What is Apache Spark and Apache Zeppelin and find out how it works together. Apache Spark is an open-source cluster-computing framework. It provides an interface for programming entire clusters with implicit data parallelism and fault tolerance. So, it is very useful when you need to work with Big Data. And Apache Zeppelin is a notebook, that provides cool UI to work with analytics and machine learning. Together, it works like this: IRIS provides data, Spark reads provided data, and in a notebook we work with the data.
Note: I have done the following on Windows 10.

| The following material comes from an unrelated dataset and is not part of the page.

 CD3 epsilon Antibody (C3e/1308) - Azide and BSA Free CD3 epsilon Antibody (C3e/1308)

Now, we will install all the necessary programs. First of all, download apache zeppelin from the official site of apache zeppelin. I have used zeppelin-0.8.0-bin-all.tgz. It includes Apache Spark, Scala, and Python. Unzip it to any folder. After that you can launch zeppelin by calling \bin\zeppelin.cmd from the root of your Zeppelin folder. Wait until the Done, zeppelin server started string appears and open http://localhost:8080 in your browser. If everything is okay, you will see Welcome to Zeppelin! message.

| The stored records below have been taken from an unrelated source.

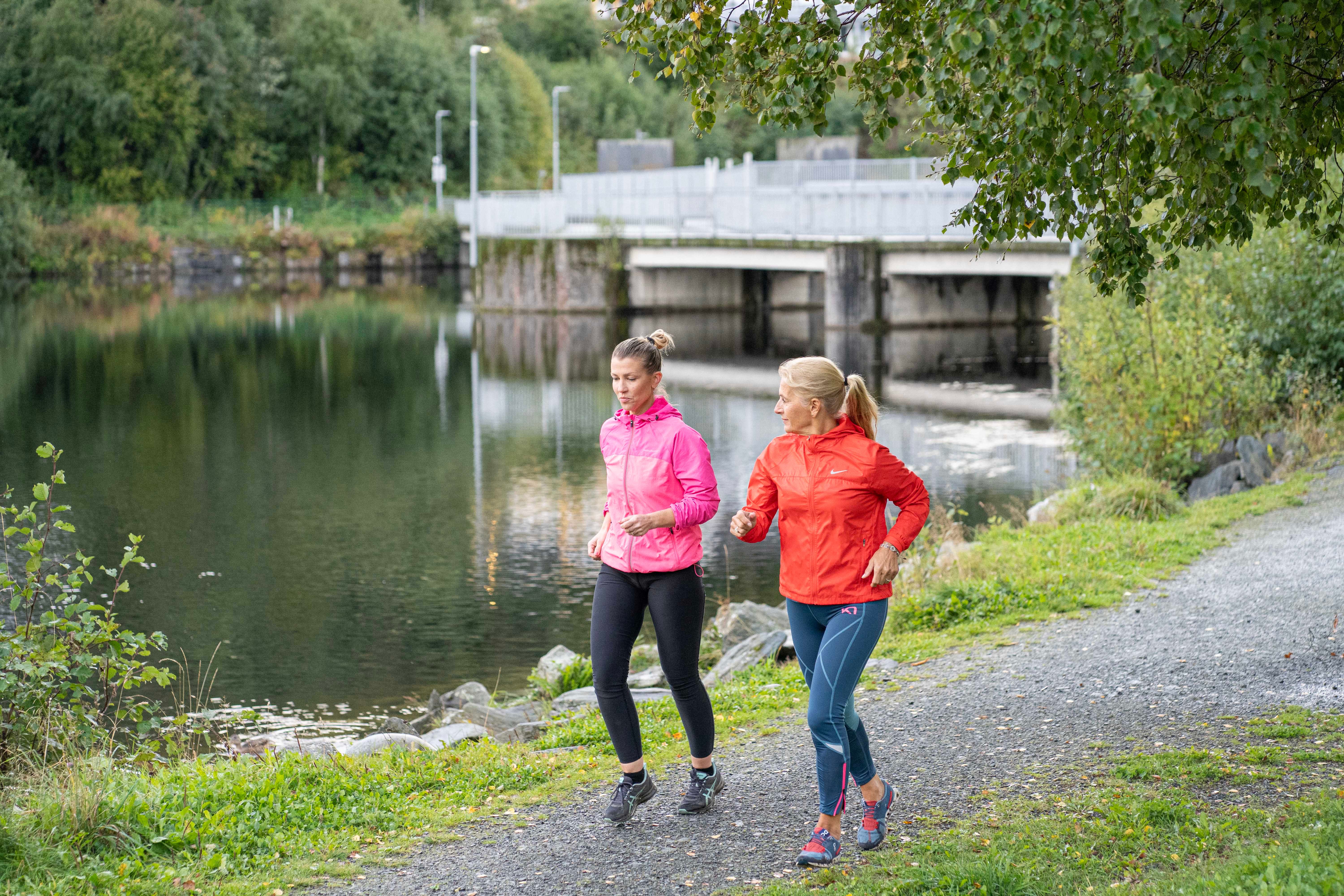 Interval and Strength Training in CAD Patients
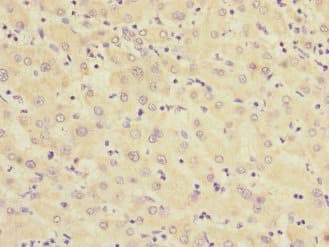 Polyclonal Rabbit anti-Human RXFP3 Antibody (IHC)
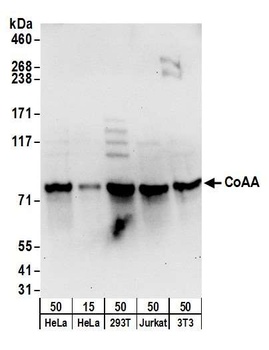 Rabbit CoAA Antibody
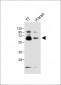 DLL3 Antibody (C-term)
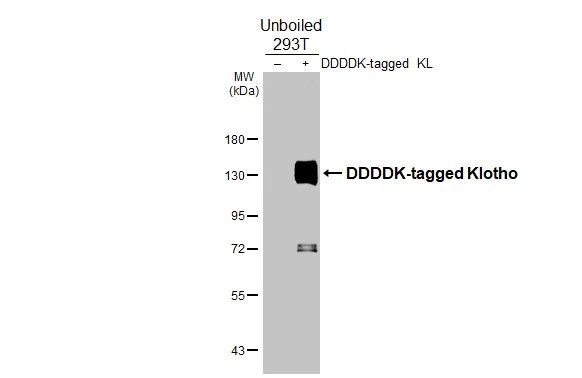 Klotho Antibody in Western Blot (WB)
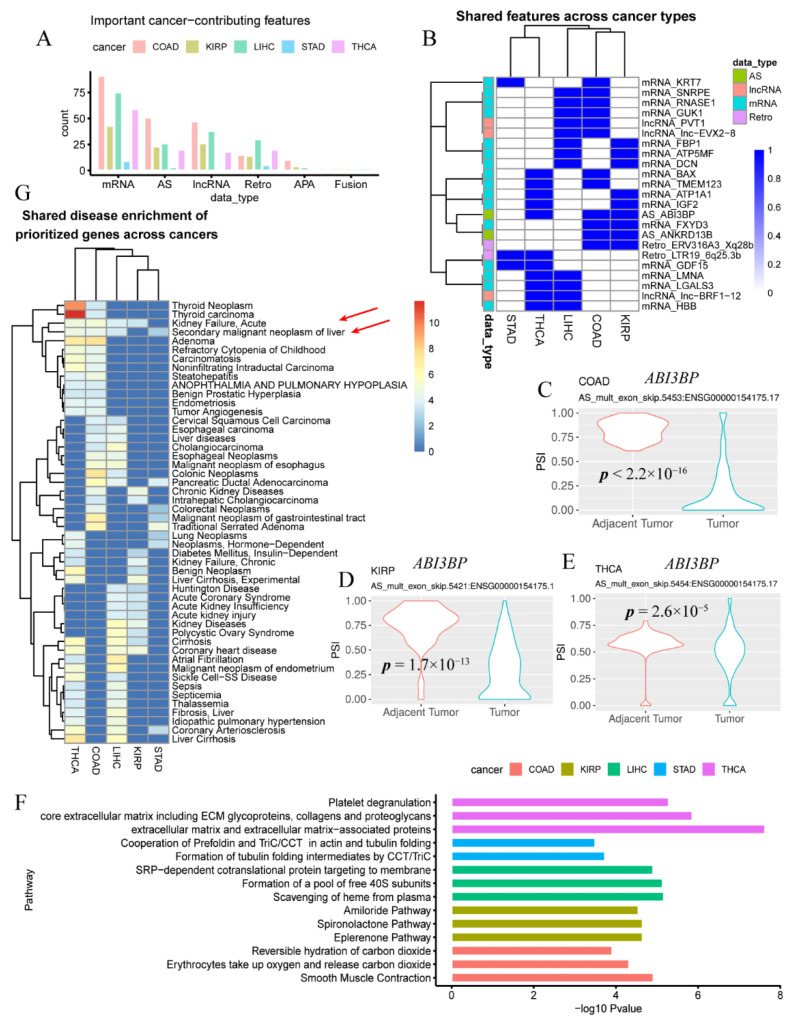 PMC8701385 – genes-12-01865-f002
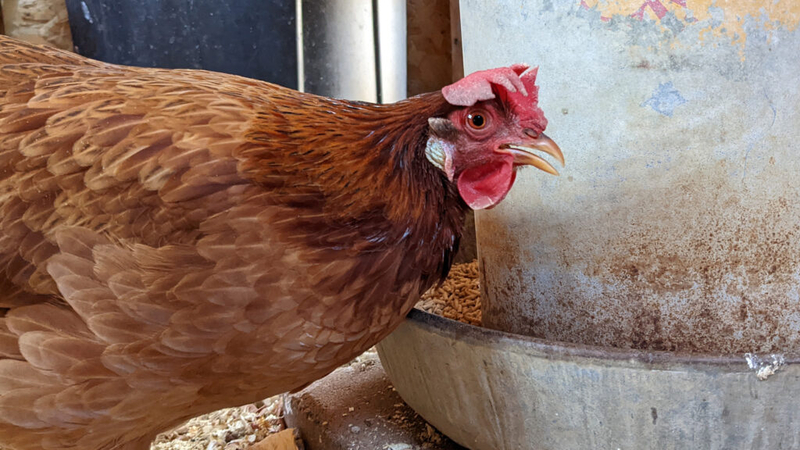 Highly pathogenic avian influenza detected in Boone County 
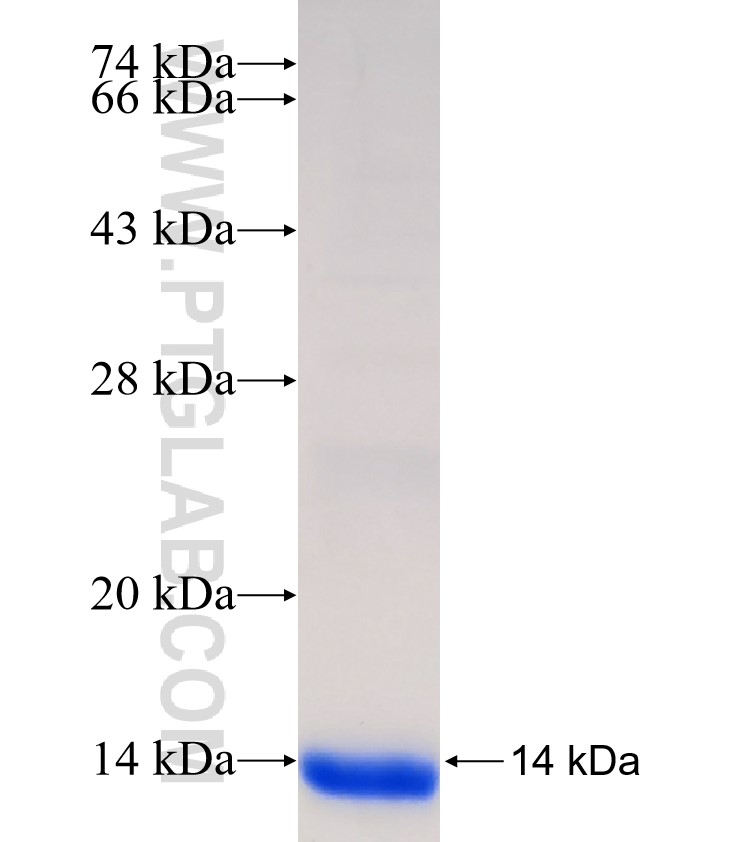 INVS fusion protein Ag33083 SDS-PAGE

Note: I assume, that InterSystems IRIS already installed. If not, download and install it before the next step.
So, we have the browser's open window with Zeppelin notebook. In the upper-right corner click on anonymous and after, click on Interpreter. Scroll down and find spark.

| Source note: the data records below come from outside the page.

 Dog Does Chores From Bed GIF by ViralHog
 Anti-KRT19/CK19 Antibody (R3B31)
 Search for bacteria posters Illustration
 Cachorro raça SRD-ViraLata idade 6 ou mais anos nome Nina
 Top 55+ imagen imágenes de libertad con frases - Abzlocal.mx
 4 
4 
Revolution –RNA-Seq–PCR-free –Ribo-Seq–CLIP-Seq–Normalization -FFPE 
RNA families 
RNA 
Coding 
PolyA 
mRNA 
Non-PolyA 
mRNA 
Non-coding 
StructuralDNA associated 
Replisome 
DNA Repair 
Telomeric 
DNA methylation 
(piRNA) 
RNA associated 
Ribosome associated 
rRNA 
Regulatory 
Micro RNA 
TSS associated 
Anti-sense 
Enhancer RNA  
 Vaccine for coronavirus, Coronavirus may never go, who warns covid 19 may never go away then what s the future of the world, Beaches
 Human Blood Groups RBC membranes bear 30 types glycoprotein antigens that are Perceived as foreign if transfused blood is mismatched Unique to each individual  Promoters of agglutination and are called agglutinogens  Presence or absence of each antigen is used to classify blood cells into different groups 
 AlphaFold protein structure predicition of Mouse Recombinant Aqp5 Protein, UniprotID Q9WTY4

Next to the spark find edit button and click on it. Scroll down and add dependencies to intersystems-spark-1.0.0.jar and to intersystems-jdbc-3.0.0.jar. I installed InterSystems IRIS to the C:\InterSystems\IRIS\ directory, so artifacts I need to add are at:
My files are here:
And save it.
Check that it works
Let us check it. Create a new note, and in a paragraph paste the following code:
var dataFrame=spark.read.format("com.intersystems.spark").option("url", "IRIS://localhost:51773/NAMESPACE").option("user", "UserLogin").option("password", "UserPassword").option("dbtable", "Sample.Person").load()
// dbtable - name of your table
URL - IRIS address. It is formed as follows IRIS://ipAddress:superserverPort/namespace:
- protocol IRIS is a JDBC connection over TCP/IP that offers Java shared memory connection;
- ipAddress — The IP address of the InterSystems IRIS instance. If you are connecting locally, use 127.0.0.1 instead of localhost;
- superserverPort — The superserver port number for the IRIS instance, which is not the same as the webserver port number. To find the superserver port number, in the Management Portal, go to System Administration > Configuration > System Configuration > Memory and Startup; namespace — An existing namespace in the InterSystems IRIS instance. In this demo, we connect to the USER namespace.
Run the paragraph. If everything is okay, you will see FINISHED.
In conclusion, we found out how Apache Spark, Apache Zeppelin, and InterSystems IRIS can work together. In my next articles, I will write about data analysis.